Bacino found connection in Darkroom Photography, a course in which students study analog imaging, using light-based techniques and black-and-white processes in tandem with drawing, painting, and printmaking to create unique images. This hands-on course, taught by Matthew Gamber, associate professor of photography and new media in the visual arts department, is complemented with readings contextualizing photography's evolution as a discipline from its beginnings in the 19th century through the industry's disruption and transformation via digital technology.
Bacino, a philosophy major with a double minor in studio art and creative writing, aspires to work at a fashion magazine one day. She believes the skills she's honed in darkroom photography give her a competitive edge.
"There is so much that goes into developing photos, photograms and chemigrams that it can be hard to remember every change you need to make to get your desired result. We take notes and have signs up to help, but problem-solving can be a tedious process," Bacino says in a subsequent email exchange. "The most rewarding thing is when you finally get it right, when, after an hour of changing time, aperture, and filters, you finally see the changes and details you've been attempting appear in the developer bath."

On dedication to the craft
For a generation of digital natives used to smartphones' instant gratification, a darkroom photography course could feel interminably long. And that's fair. This course clocks in at nearly four hours, 5 to 8:45 p.m. Wednesdays. But time flies in the darkroom, says Olivia Montminy '27, an English and studio art double major.
"The most challenging and rewarding parts of this course are the same thing for me: how much time one must dedicate to the craft. You can spend hours shooting film, then you spend at least another hour and a half processing your negatives and letting them dry, and by the time you’ve finished with that, you haven’t even made it into the darkroom," she says.
Montminy is also the photo lab monitor at the Millard Art Center, where the class meets.
"One night I clocked in for work at 5:30 and didn’t leave until almost 10, and all I did was print photos," she exclaims. "But I love those hours I spend there."
Challenging, too, are the topics the course takes up. In Gamber's class, art-making is a politically charged topic for its environmental impact. For instance, a photographer working for National Geographic might visit Prince William Sound, Alaska, to photograph the melting Columbia Glacier as part of a story on climate change. But does the photographer and the magazine bear a responsibility for the ensuing uptick in tourism that can accompany such stories, as people rush to see the thing before it disappears, thus hastening its demise?
Put another way:
"How do I look at my own implication in making this image, for trying to draw other people's attention to it?" Gamber says.

An experience outside the realm of digital devices
Gamber thinks student interest in his darkroom photography course is, in part, a show of resistance to what some may consider the tyranny of technology.
"In this era of Zoom meetings, social media algorithms, deep fakes, and AI, students are more interested in learning film-based photography and traditional darkroom processes," Gamber observes. "Students are grappling with the flood of information on their devices and seek image-making methods beyond smartphones as they try to manage the complexities of consuming media that is not entirely in their control."

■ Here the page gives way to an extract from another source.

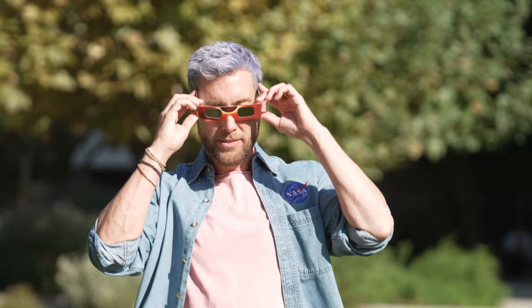It's gonna be me who is wearing my eclipse glasses, and so are you. Follow these safety tips and join us for the annular solar eclipse on October 14th, 2023.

Students praised Gamber's teaching and the easy camaraderie that developed as they worked together over the course of the semester.
"This course reminds you how fun it can be to learn and problem solve," Bacino says. "If you love photography but technical or perfect photos are not your style and you want to explore abstraction or see how photography can expand outside of a normal photo, you would enjoy this class. We do so many experiments and try to expand what it means to create a great photo."
And then there are the intangible, unquantifiable rewards that come from immersing yourself in a thing, Montminy says.
"It’s a chance to just put on my headphones and tune out the rest of the world — especially when it’s just me in there," she says. "The darkroom turns into this strange, liminal space where it seems like time passes more slowly and the world falls away. I love it."